Molte di queste, peraltro, sono delle barricate: è il caso della Sottobosco al lampone, per cui vengono utilizzati – almeno così mi ha detto Roberto, crediamogli sulla parola – 50 kg di frutti per ciascuna botte, e della D’Or Dublè 2012, affinata 20 mesi in botti che contenevano uve di vvBarbaresco di Gaja.
Così come della Flora Genepi, una chiara aromatizzata – come dice il nome stesso – all’omonimo fiore; e dato che ormai aveva stuzzicato la mia curiosità oltre ogni più fervida fantasia, il buon Roberto è stato così gentile da offrirmene una bottiglia da portare a casa.
Posto che “chi beve da solo muore da solo”, l’ho aperta insieme ad Enrico.
Già all’aroma il genepì spicca da sotto la schiuma ben consistente, insieme ad un leggerissimo affumicato; e il corpo ben luppolato, perdonatemi l’eresia, mi ha ricordato molto le Ipa e la loro rosa di luppoli diversi, per quanto Ipa non sia.
La sorpresa, però, deve ancora arrivare: dopo una prima persistenza decisamente secca e amara, torna infatti a scoppio ritardato il genepì: insomma, perdonate l’entusiasmo – e giuro che Roberto non mi ha pagata -, ma è davvero una birra fatta con maestria, di facile bevuta senza essere banale.

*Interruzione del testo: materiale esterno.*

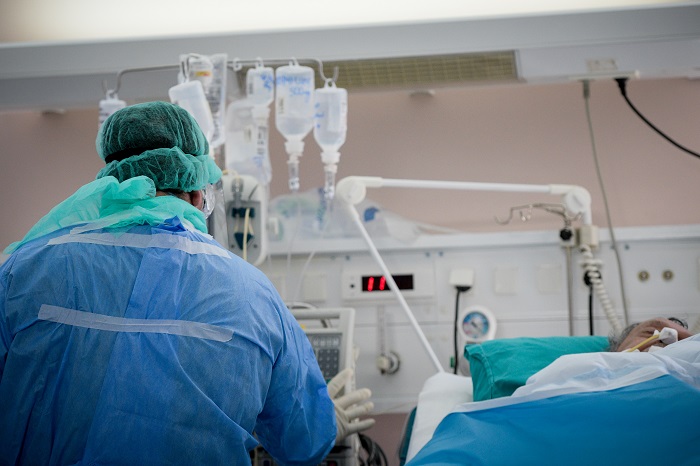 Νοσοκομείο «Ευαγγελισμός»: Κλείνει η καρδιοχειρουργική κλινική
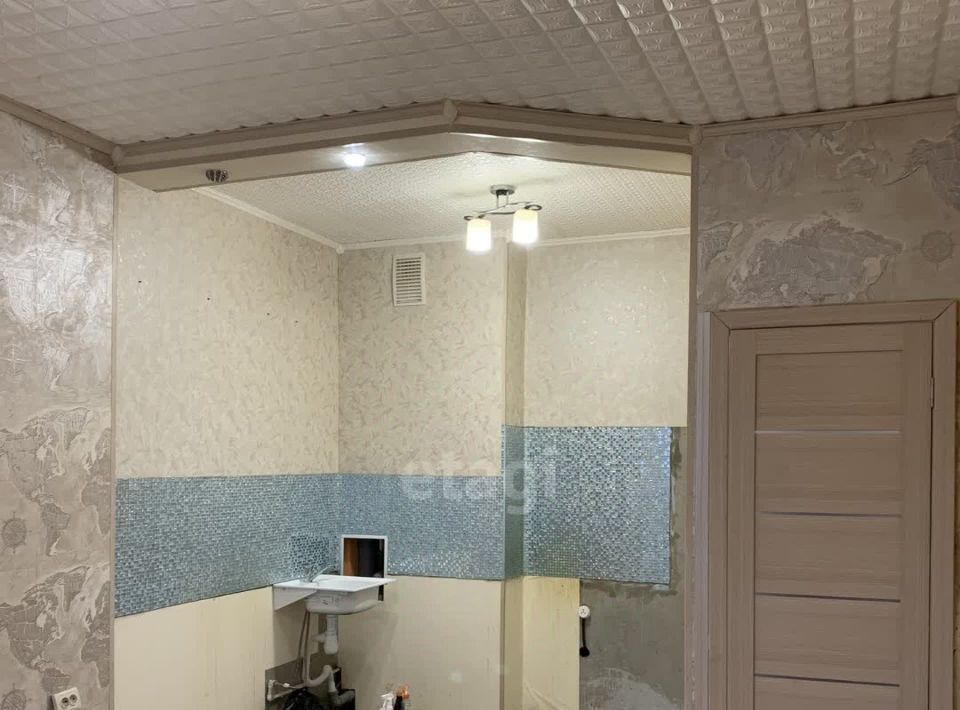квартира г Кемерово р-н Центральный ул 2-я Заречная 5б фото 4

In fondo, data la mia passione per la montagna, l’intesa tra noi (intendo le birre…) era destinata a scattare subito.
Si è poi posta la questione dell’abbinamento: in assenza di seirass, la tipica ricotta piemontese che il sito della Brasseria consiglia, abbiamo pensato di virare su un formaggio a pasta molle oppure sul San Daniele, giusto per rimanere nel locale.
Enrico però aveva voglia di cioccolato fondente, e ha messo in tavola gli ultimi resti dell’uovo di Pasqua così, tanto per togliersi lo sfizio.
Per quanto non l’avrei mai detto, si è rivelata un’idea indovinata – Roberto, aggiungi alla descrizione nel sito.
Ora sono davvero curiosa di assaggiare la novità che il birraio ha annunciato per il prossimo autunno:
una birra senza luppolo, in cui il problema della conservazione – motivo originario dell’uso di questa pianta – viene risolto da una speciale miscela di erbe alpine (mi viene da chiedermi però se potrà ancora essere chiamata “birra”, dato che la normativa attualmente in vigore, la 1354/62 e successive modifiche, ne prevede l’uso: giuristi che leggete, esprimetevi pure).
“Una bella sfida”, ha commentato.
Da parte mia, non posso che fargli i migliori auguri.